MEGYN KELLY, CO-HOST: Well, Hillary Clinton seems intent on fighting for the rights of Florida and Michigan voters, saying today that she will take fight all the way to the Democratic convention in August if the voters want her to. Clinton is pressing hard to narrow her gap with Obama by having Florida and Michigan's delegates counted, but her determination may not pay off.

Here with us now is Clinton supporter, Florida Congressman Debbie Wasserman Schultz.

Hello, congresswoman.

REP. DEBBIE WASSERMAN SCHULTZ, (D) FLORIDA: Hi, how are you?

KELLY: Good. Thanks for being here.

WASSERMAN SCHULTZ: Thank you.

KELLY: All right. So, you know, she wants Michigan counted, she wants Florida counted but those from Obama's camp and even Karl Rove has been out today talking about the fact that even if she gets the deal on Florida and Michigan, the numbers just aren't there for her.

Your response?

WASSERMAN SCHULTZ: Well, the number one thing right now that I know she is concentrating on is making sure that we can get Florida and Michigan's delegates seated at the convention and make sure that our votes are counted. You know, you cannot select the Democratic nominee based on the votes from 48 states, 45 states. It's got to be a selection from all 50 states. You know, that's how we do - we conduct elections in America.

And I think it's really disappointing that Barack Obama spoke to 15,000 Floridians today within the state and said absolutely nothing about whether he thinks Florida's delegation should be seated. In fact, he's never said from his mouth that Florida's delegation should be seated at the convention, and that's incredibly disappointing. We are the biggest swing state in.

KELLY: But what's your response to those who say — why are we arguing about this, because even if she gets - even if Florida and Michigan's delegates get seated, it doesn't change the horserace, he still has this thing locked up but for the superdelegates?

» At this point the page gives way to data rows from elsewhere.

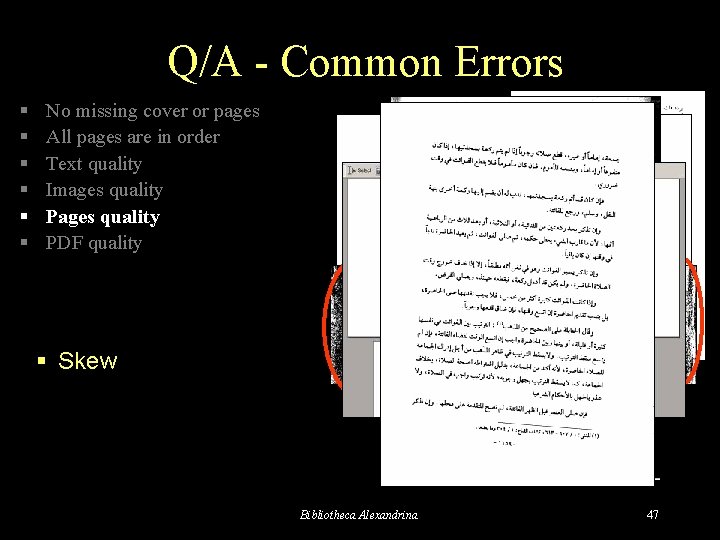 Q/A - Common Errors § § § No missing cover or pages All pages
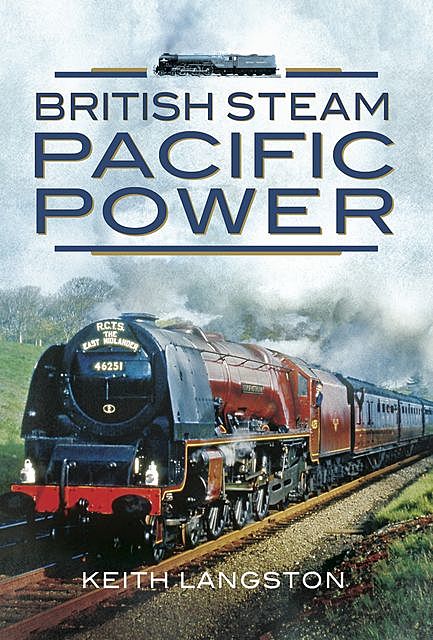 British Steam: Pacific Power, Fred Kerr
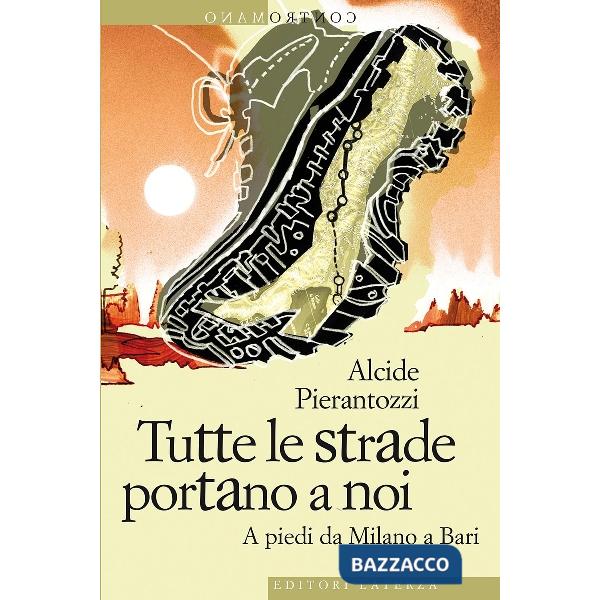 Tutte le strade portano a noi. A piedi da Milano a Bari
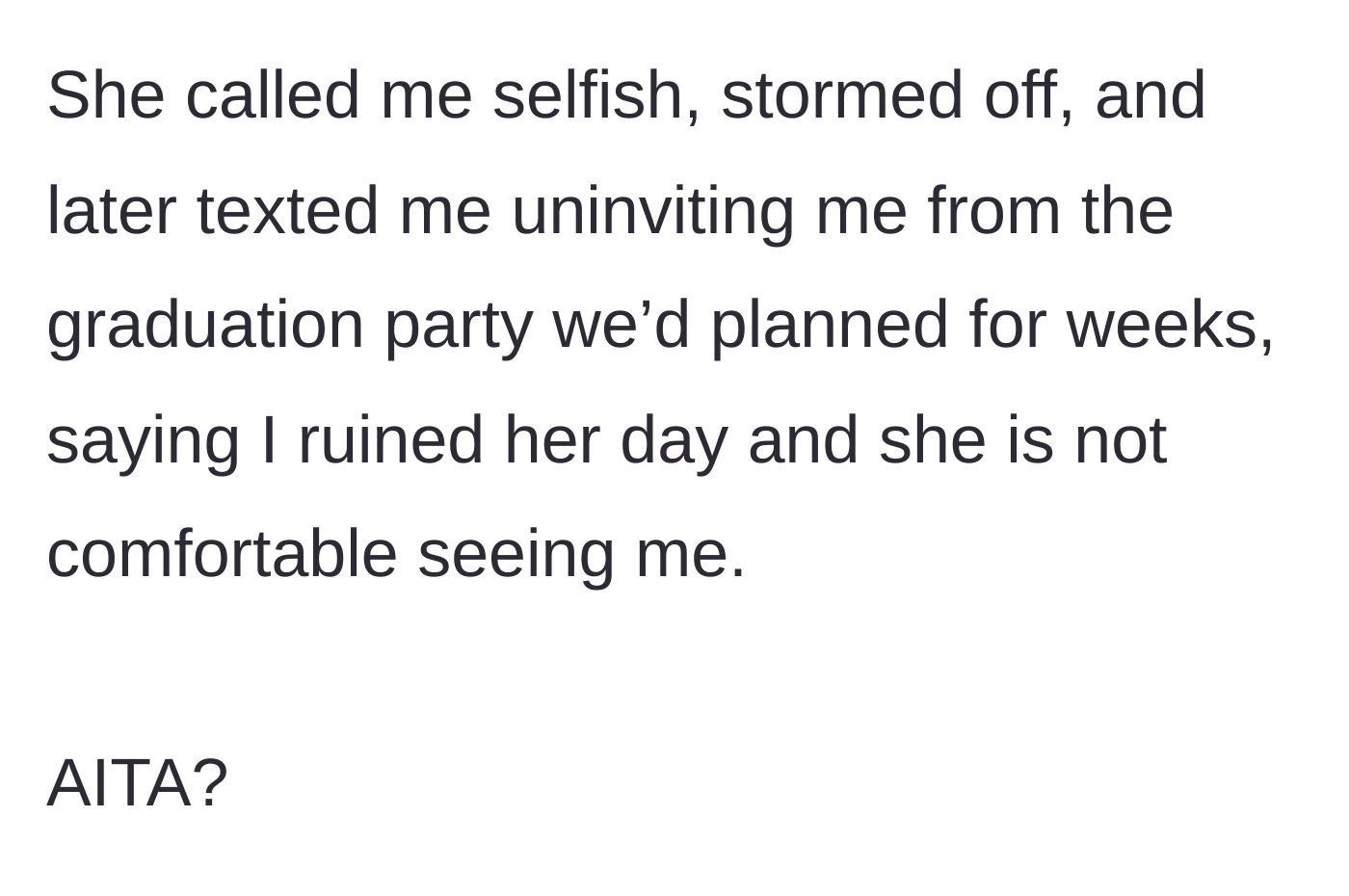 Story part 6 - Elena calls her selfish, storms off, and texts her later to uninvite her from the graduation party they spent weeks planning together.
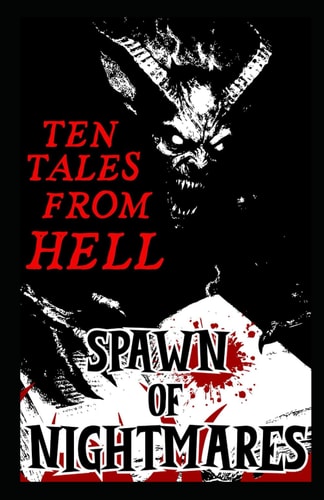 SPAWN OF NIGHTMARES Ten Tales from Hell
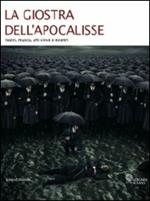 La giostra dell'apocalisse. Teatro, musica, arti visive e incontri. Catalogo della mostra (Milano, 21-29 giugno 2008)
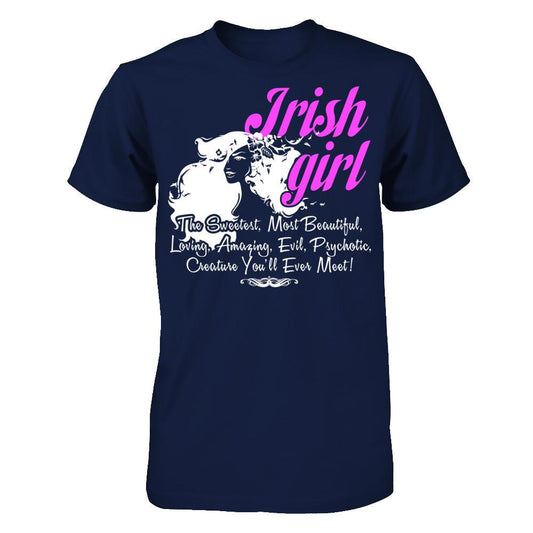 Irish Girl The Sweetest Most Beautiful Loving Amazing You'll Ever Meet Gildan - Short Sleeve Tee Navy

WASSERMAN SCHULTZ: We're arguing about - we shouldn't be arguing about it all. There shouldn't be any question about whether our delegation should be seated and our votes counted, especially in a state like Florida where the nerves eight years later are still incredibly raw from the recount in 2000. You know, we have to make sure that we can be - we can put Florida in play in November. And.

KELLY: Understood, congresswoman. If I can steer you back on point because you made your point about Florida. I want to ask you about Clinton, in particular, in this presidential contest because a lot of people out there scratching their heads saying — who scares in terms of the horserace, why is she pushing so hard, because it's not going to help her?

WASSERMAN SCHULTZ: Well, look, she's ahead because more Democratic voters in this country have voted for Hillary Clinton than in any — for any presidential candidate in American history, and because that matters. And there are still superdelegates in play, because, you know, we can argue about what's mathematically possible, but there are still two states and Puerto Rico that have left - have yet to vote.

And we've got to make sure that this primary race plays itself out and that every voter has an opportunity to weigh in. She feels a responsibility to those voters to make sure that she carries this contest all the way through.

KELLY: Yes. It was interesting to hear her talked about going all the way to the convention today. It made headlines here, at least.

Congresswoman Debbie Wasserman Schultz, thanks so much for coming on.

WASSERMAN SCHULTZ: Thank you. Thanks for having me.